Geometry PARCC question: similar triangles

The following fill-in-the-blanks question, explained here in hopes of helping geometry students in Maryland and Illinois prepare for the PARCC test near the end of this school year, appears on the released version of PARCC’s Spring 2015 test in geometry, here:

In the three right triangles shown,

$m\angle{C} = m\angle{F} = m\angle{I} = 36^{\circ}$

Complete the statements about the triangles by dragging the correct choices into the proper locations. Not all choices will be used.

Choices: AA similarity, adjacent leg, ASA, congruent, cosine, CPCTC, GH/GI, GI/GH, hypotenuse, similar, sine, tangent.

Because each triangle contains a right angle and a 36° angle, the triangles are ____ by ____, and AB/AC = DE/DF = ____. The proportion shows that the ratio of the length of the leg opposite the 36° angle to the length of the ____ will be the same for any right triangle with a 36° angle. The value of the ratio is defined to be the ____ of 36°.

Answer and references

Correct answers: similar … AA similarity … GH/GI … adjacent leg … tangent.

PARCC evidence statement(s) tested: G-SRT.6:

Understand that by similarity, side ratios in right triangles are properties of the angles in the triangle, leading to definitions of trigonometric ratios for acute angles.

Trigonometric ratios include sine, cosine, and tangent only.

The evidence statement above references Math Practice 7 in the Common Core:

[MP.7] Attend to precision. Mathematically proficient students look closely to discern a pattern or structure. Young students, for example, might notice that three and seven more is the same amount as seven and three more, or they may sort a collection of shapes according to how many sides the shapes have. Later, students will see 7 × 8 equals the well remembered 7 × 5 + 7 × 3, in preparation for learning about the distributive property. In the expression x² + 9x + 14, older students can see the 14 as 2 × 7 and the 9 as 2 + 7. They recognize the significance of an existing line in a geometric figure and can use the strategy of drawing an auxiliary line for solving problems. They also can step back for an overview and shift perspective. They can see complicated things, such as some algebraic expressions, as single objects or as being composed of several objects. For example, they can see 5 – 3(x – y)² as 5 minus a positive number times a square and use that to realize that its value cannot be more than 5 for any real numbers x and y.

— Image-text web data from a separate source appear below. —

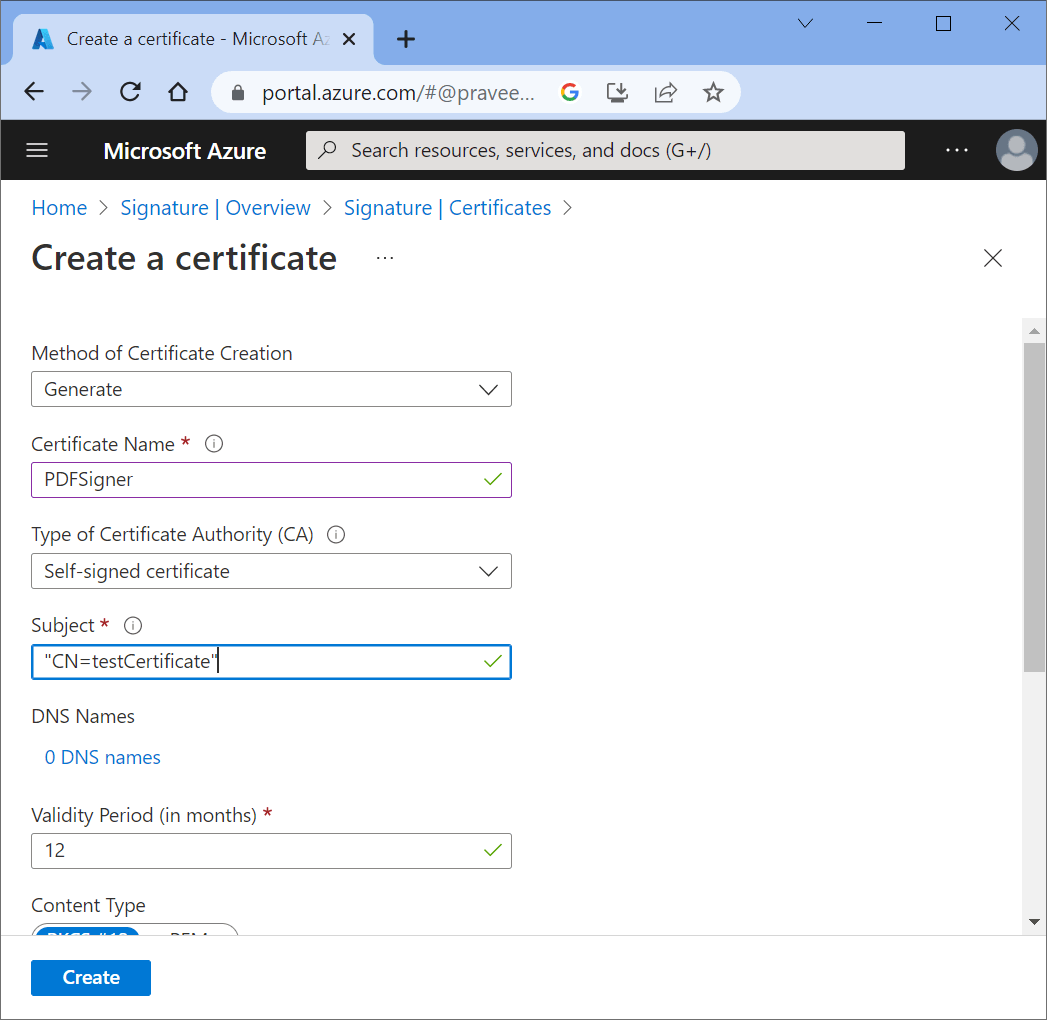 Create a PDF Digital Signature  Service Using Azure Key Vault and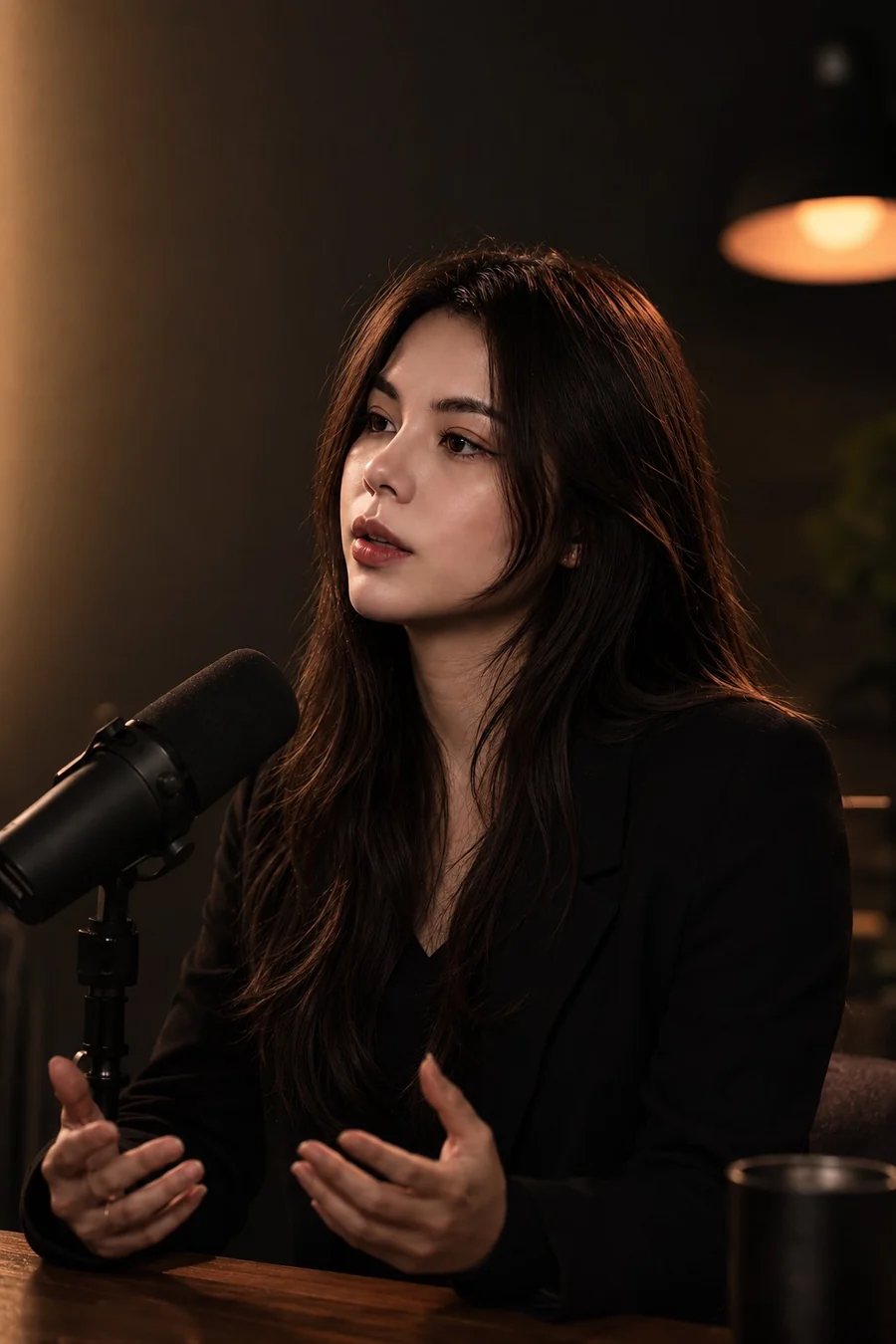 Iris พูดคุยผ่านไมโครโฟนในบรรยากาศมืออาชีพ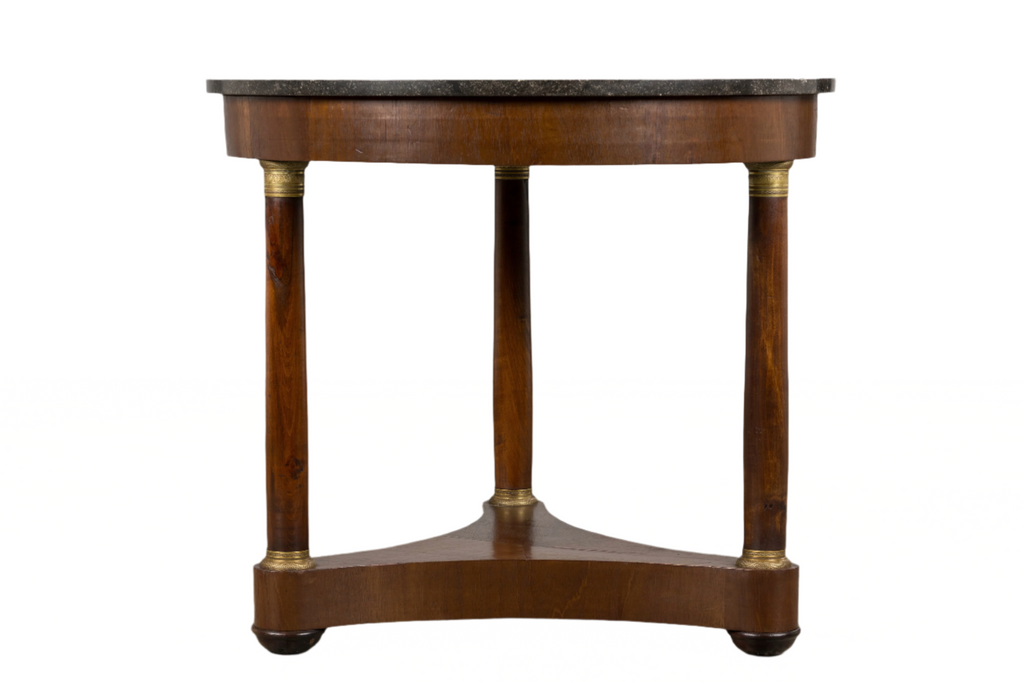 19th Century French Empire Style Walnut Pedestal Center Table with Marble Top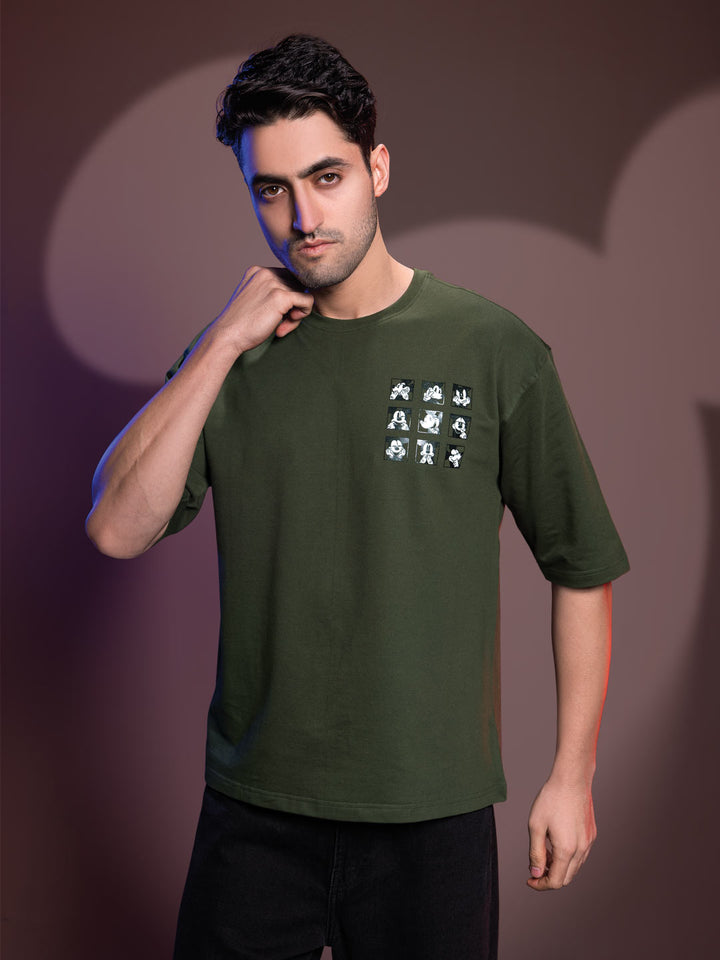 Disney printed down shoulder T-shirt for men color rifle green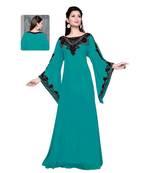 Turquoise Blue Embroidered Faux Georgette Islamic Kaftan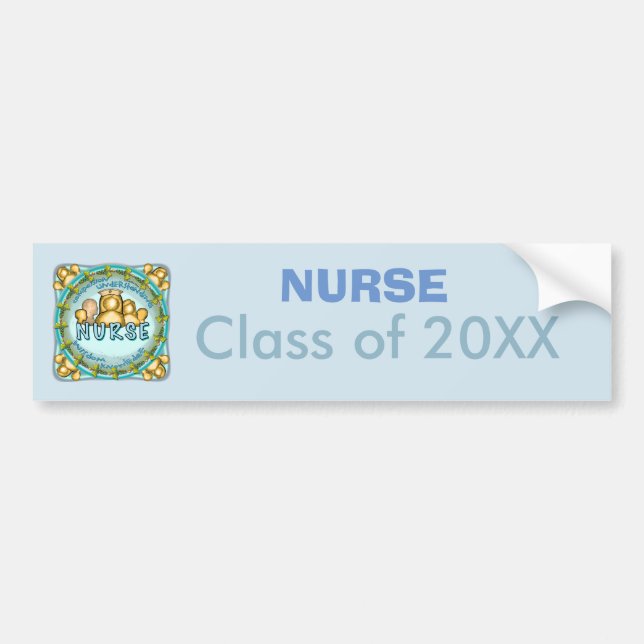 Nurse Rainbow Motto custom year bumper sticker (Front)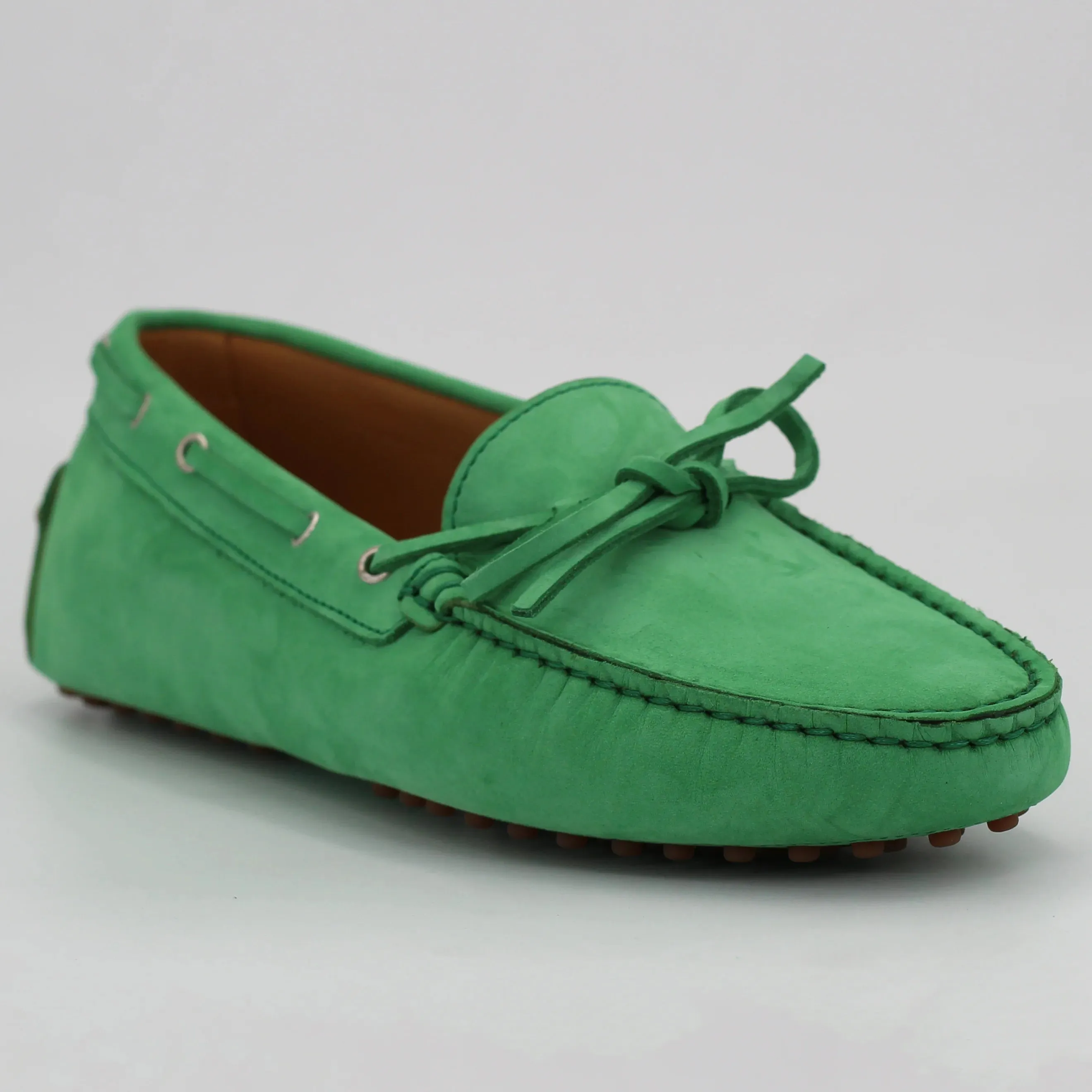 Women's Genuine Leather Nabuk Driver Shoe in Verde Green (COND04011)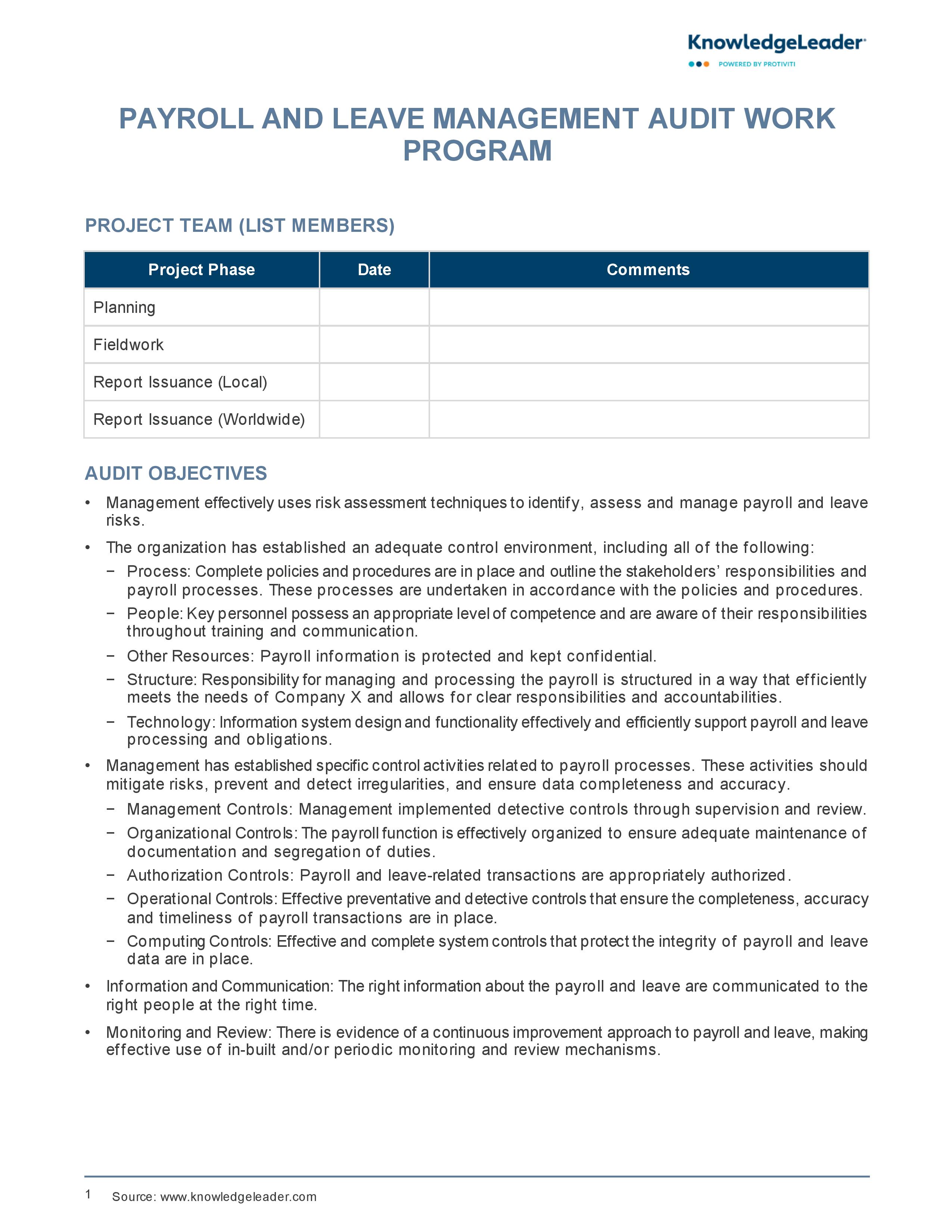 Screenshot of the first page of Payroll and Leave Management Audit Work Program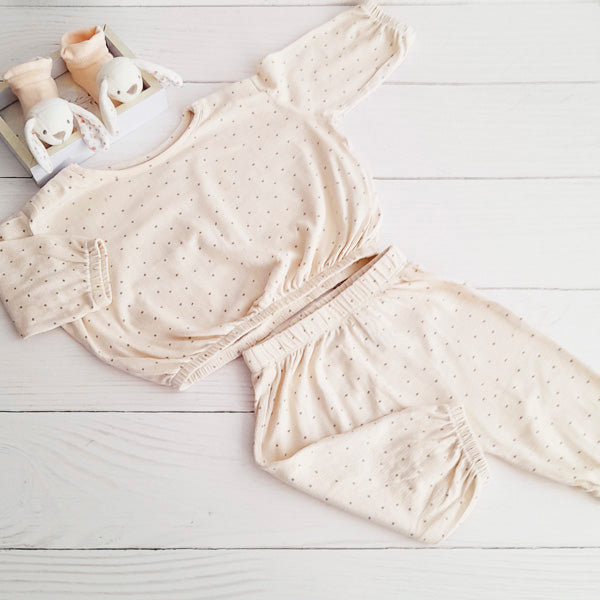 Conjunto Algodón Lunares Marca Hym 3 M Estado Casi tiki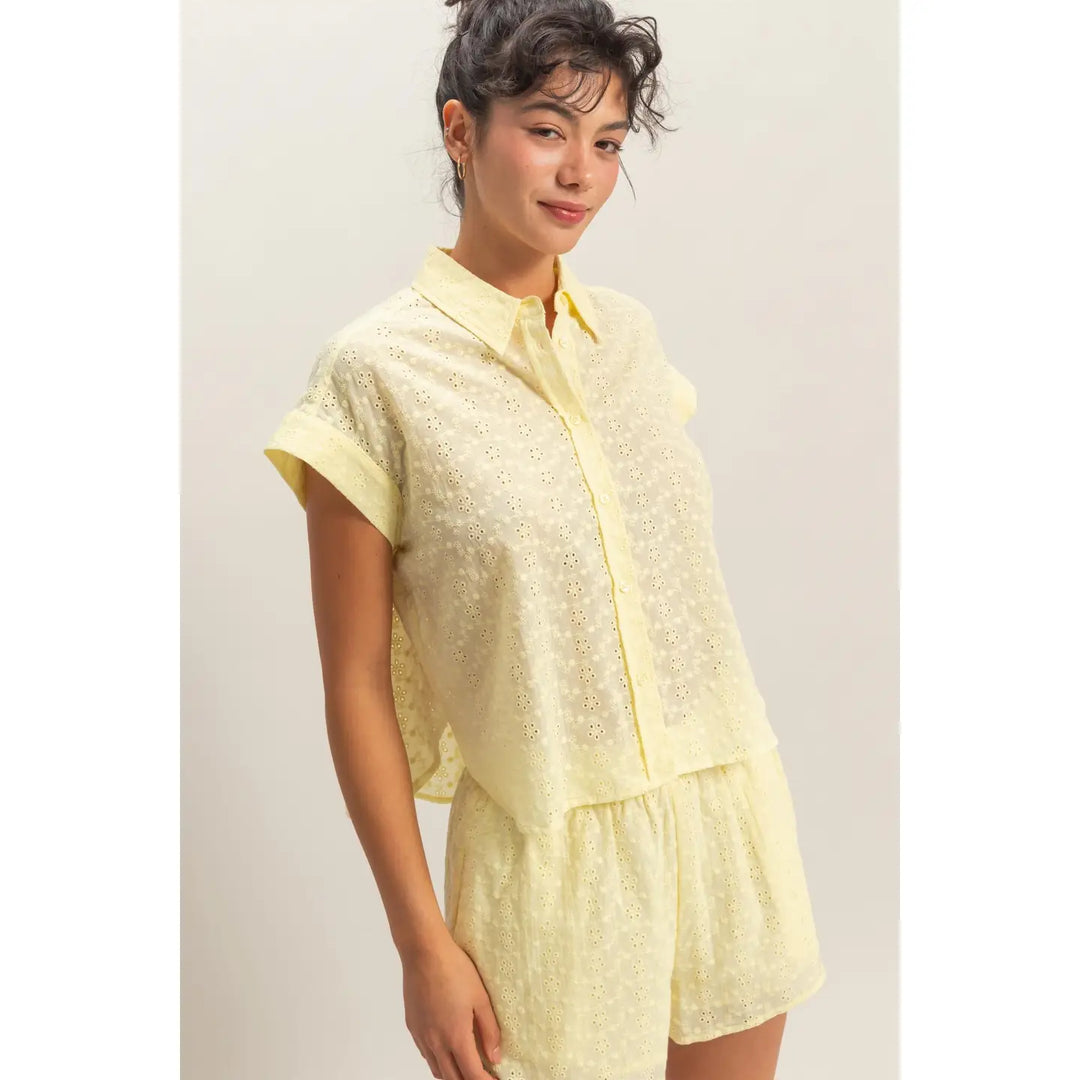 The Eyelet Button-Up Shirt – Pale Yellow
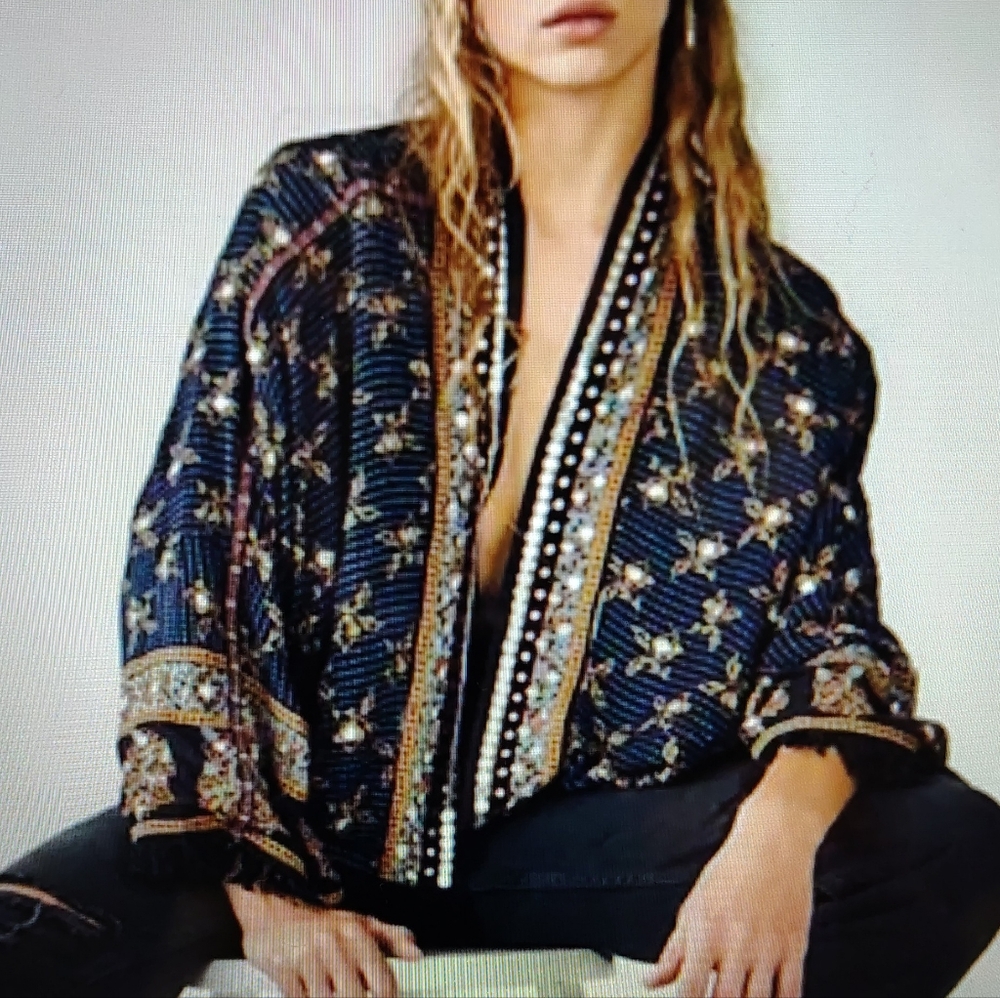 $128 NWT FREE PEOPLE RAYS OF LIGHT BOHO-CHIC GYPSY EMBELLISH KIMONO JACKET Sz XS - Picture 4 of 11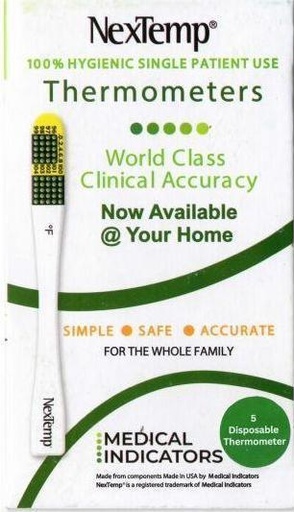 [MI_NEXTEMP_DISP_THERM_5] Medical Indicators Nextemp Disposable Clinical Thermometer (Pack of 5)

The question tests students’ understanding of the high school Common Core geometry standard HSG.SRT.C.6, found under High School: Geometry: Similarity, Right Triangles, & Trigonometry (define trigonometric ratios and solve problems involving right triangles), which states that they should “understand that by similarity, side ratios in right triangles are properties of the angles in the triangle, leading to definitions of trigonometric ratios for acute angles.” It also requires knowledge of other standards in this section of the Common Core, including HSG.SRT.A.3, which says they should be able to “use the properties of similarity transformations to establish the AA criterion for two triangles to be similar.”

Resources for further study

Integrated Publishing begins a small proof that two right triangles that share the measure of one of the acute angles are similar to each other:

The right angle in the first triangle is equal to the right angle in the second, since all right angles are equal.
The sum of the angles of any triangle is 180°. Therefore, the sum of the two acute angles in a right triangle is 90°.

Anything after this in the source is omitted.